|The Sahel in Africa, one of the most environmentally degraded areas on earth.|
Thursday, May 23, 2013
Can livestock really reverse desertification?
Desertification is the process of a fertile area of land becoming increasingly dry to the point that it loses its water sources and its vegetation and wildlife. This is typically caused by climate change and human activity, such as overgrazing, deforestation and tilling the land for agriculture. Desertification is a problem that needs to be addressed soon.
In Alan Savory’s TED talk, he describes his method of reversing desertification by using herds of livestock to mimic nature. These herds would help promote the biological decay of the grasses and plants by stomping, defecating, chewing, and spitting on them. It would also promote the soil’s ability to absorb water. In his TED talk, he claims that the livestock would not require any extra feed to compensate for the limited natural resources available to the livestock on the dried-out land.

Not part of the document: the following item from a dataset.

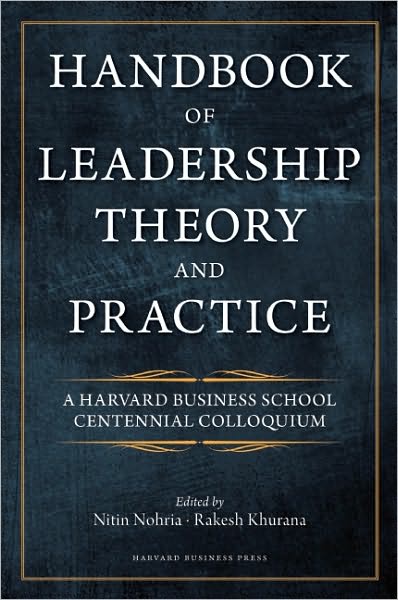 Cover for Nitin Nohria · Handbook of Leadership Theory and Practice: A Harvard Business School Centennial (Hardcover Book) (2010)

Unfortunately, as pointed out in James McWilliams’ article All Sizzle and No Steak, Savory has not had much luck reproducing his results in other areas of the world. McWilliams stated that “whereas Savory insists that his methods will revive grasses, ‘the most complete study in North America’ on the impact of holistic management on prairie grass found ‘a definite decline’ of plant growth on mixed prairie and rough fescue areas.” McWilliams also refers to other studies that have pointed out that Savory’s methods are either no better than other methods for management of desertification, or that his methods have actually led to desertification in some areas.
I think that if Savory’s methods work in certain areas, then he should continue to implement them there. The fact is that these methods are not working everywhere. We should focus our efforts on ways to reverse desertification by looking at each area of land individually. Not all desertification is caused by the same thing, so one method will not work for each area. Savory believes that his methods will work in all areas, yet not all areas affected by desertification have the same climate, which is most likely why his methods are not reproducible in all areas. Desertification is definitely a problem that needs to be addressed. Savory’s methods might work in some areas, and should be used in those areas. Focus now needs to be shifted to new methods that will work in other areas.